Work instructions
Everything from the line containing "67 Barrington Avenue, Toronto, ON" through the last line of the listing below should be returned exactly, except for pictures.

Given material

************

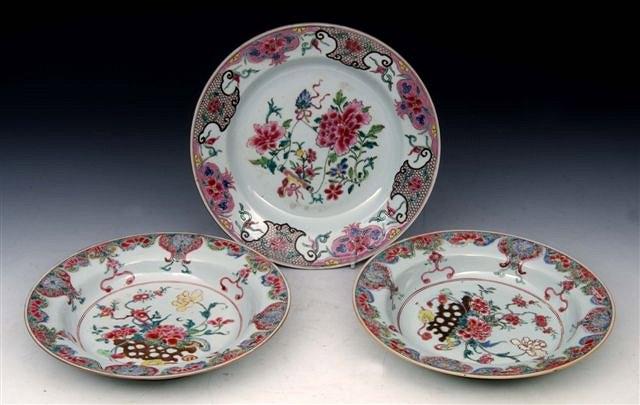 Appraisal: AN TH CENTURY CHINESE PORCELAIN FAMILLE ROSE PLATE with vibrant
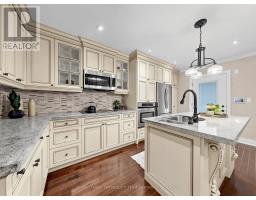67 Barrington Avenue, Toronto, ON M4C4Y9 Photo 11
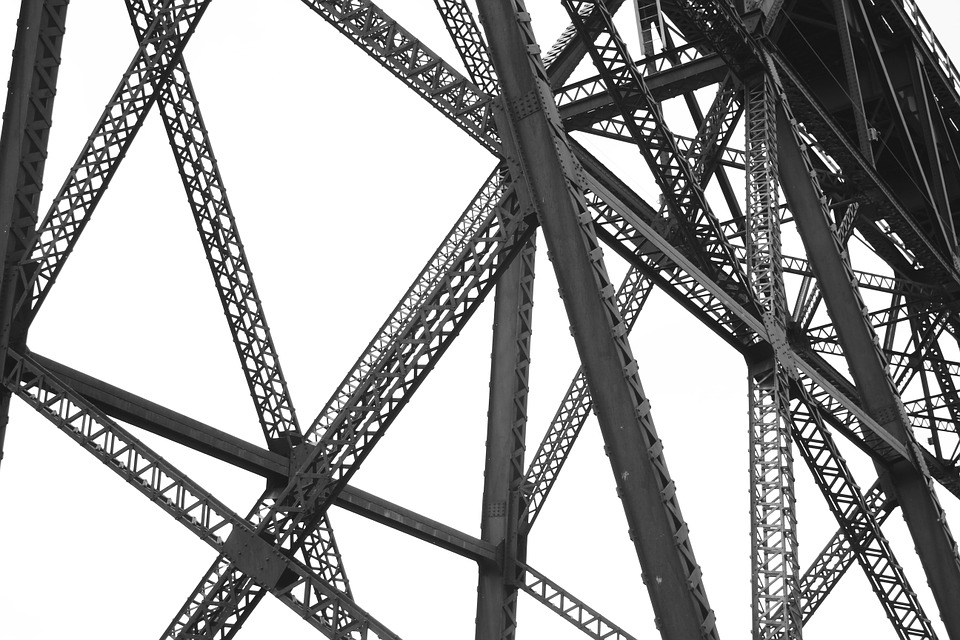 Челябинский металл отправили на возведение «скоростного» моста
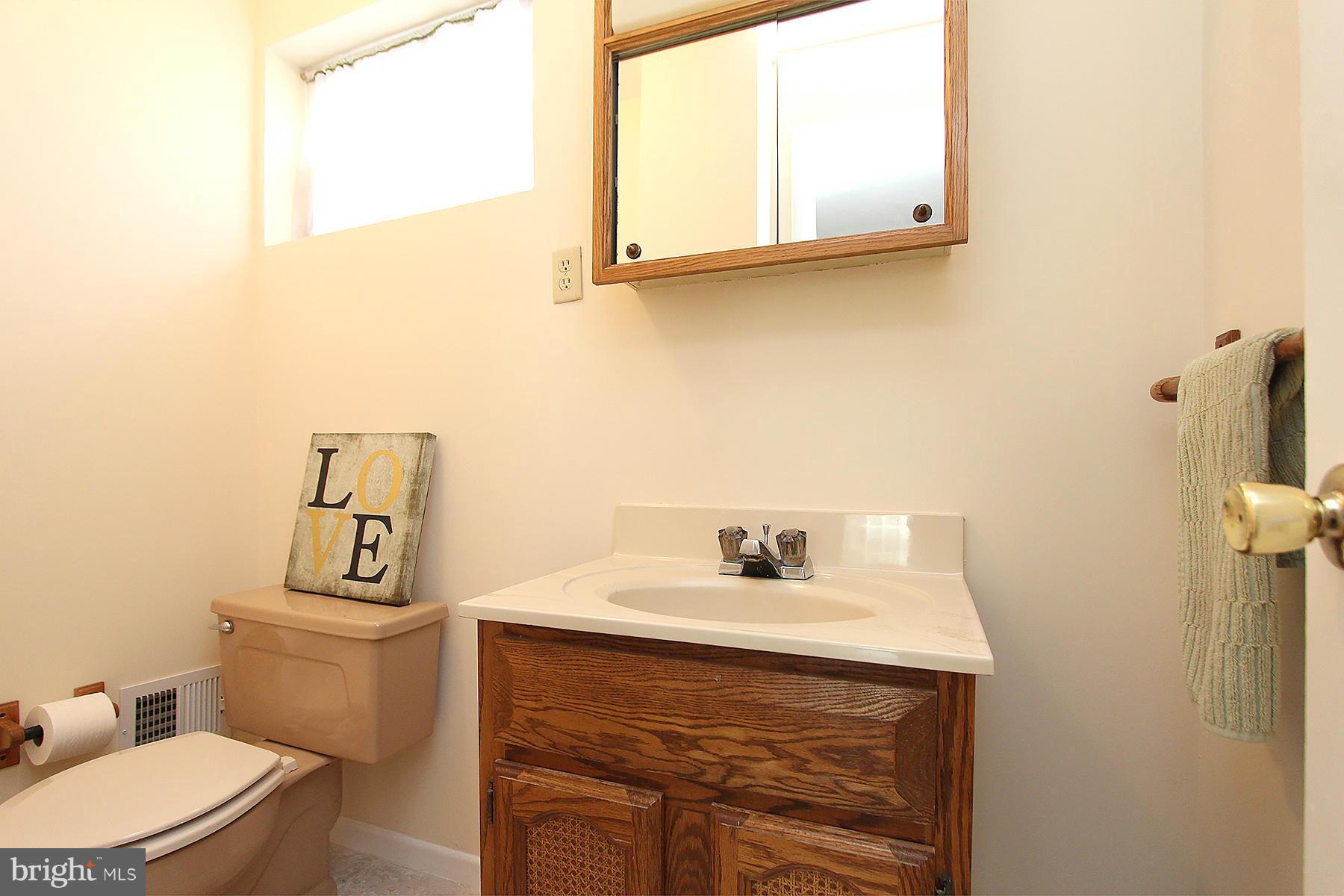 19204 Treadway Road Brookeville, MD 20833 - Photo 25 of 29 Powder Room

************

Problem solution
67 Barrington Avenue, Toronto, ON M4C4Y9 Photo 11
 Челябинский металл отправили на возведение «скоростного» моста
 19204 Treadway Road Brookeville, MD 20833 - Photo 25 of 29 Powder Room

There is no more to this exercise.